In this NetApp training tutorial, we will dicuss the NetApp SnapMirror Engine. Scroll down for the video and also text tutorial.
NetApp SnapMirror Engine Video Tutorial
I have never seen any training course in Netapp the way Neil conducted this and the way he breaks down every concept is like watching a movie…I am feeling so motivated and pumped up to retain all this knowledge…thank you!
The NetApp SnapMirror Engine
The SnapMirror engine is used to replicate data from a source volume to a destination volume. It's used for these features:
- Load Sharing Mirrors
- Data Protection Mirrors
I'll be talking about each of those different features in this post.
With Clustered ONTAP, the volume is the unit of replication in the SnapMirror engine. In 7-Mode you could replicate at either the Qtree or the volume level, but Cluster Mode only does it at the volume level.
When you run a replication using the SnapMirror engine, the source volume will be a read-write copy and the destination will be a read-only copy. This is to ensure that you have a single, consistent copy of the data. If you were able to write to both locations, the two wouldn't be the same.
The initial replication from the source to destination volume is a complete baseline transfer. It copies all of the data from the source to the destination volume. Once that has completed, all of the following replications are incremental only.
The system uses source volume Snapshot copies to update the destination volumes. Updates can be performed manually (on demand) or, more typically, they can run automatically based on a configured schedule.
The mirror copies are updated asynchronously. The minimum time between replications is one minute. You can get synchronous replication in Clustered ONTAP by using MetroCluster, but SnapMirror is asynchronous.

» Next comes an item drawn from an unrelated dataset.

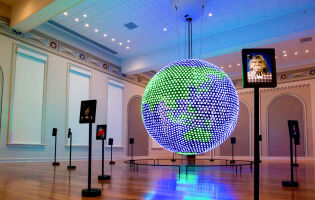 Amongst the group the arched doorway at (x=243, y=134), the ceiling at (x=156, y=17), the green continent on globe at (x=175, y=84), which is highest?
the ceiling at (x=156, y=17)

Synchronous vs Asynchronous Replication
The difference between synchronous and asynchronous replication is shown in the diagram below.
We have synchronous replication at the top. A client sends in a write request and it gets written to the source cluster. This change then gets replicated over to the destination cluster. It's only when the destination cluster has acknowledged the change back to the source that the final acknowledgement is sent back to the client.
With asynchronous replication on the other hand, the client sends in the write request and the source storage system immediately sends an acknowledgement back. The source will then replicate the data to the final destination storage system when it is next scheduled to do so, and another acknowledgement will come back from there.
Recovery Point Objective (RPO)
Your Recovery Point Objective (RPO) is the maximum amount of data you could lose if you had to fail over from your main site to a Disaster Recovery site.
If you're using synchronous replication, your recovery point objective (RPO) is going to basically be zero. If you have to failover from your primary site to your Disaster Recovery site you're not going to lose any data.
If you're using asynchronous replication and you have a failure of the primary site, the amount of data you lose when you failover to the secondary site will depend on the amount of data that had been written to the primary since the last replication. Let’s say your system was scheduled to replicate once every ten minutes. The worst case scenario would be that you have a failure just before you were about to do the next replication. You could lose up to ten minutes' worth of writes that happened at the primary site since the last scheduled replication, so your RPO would be 10 minutes.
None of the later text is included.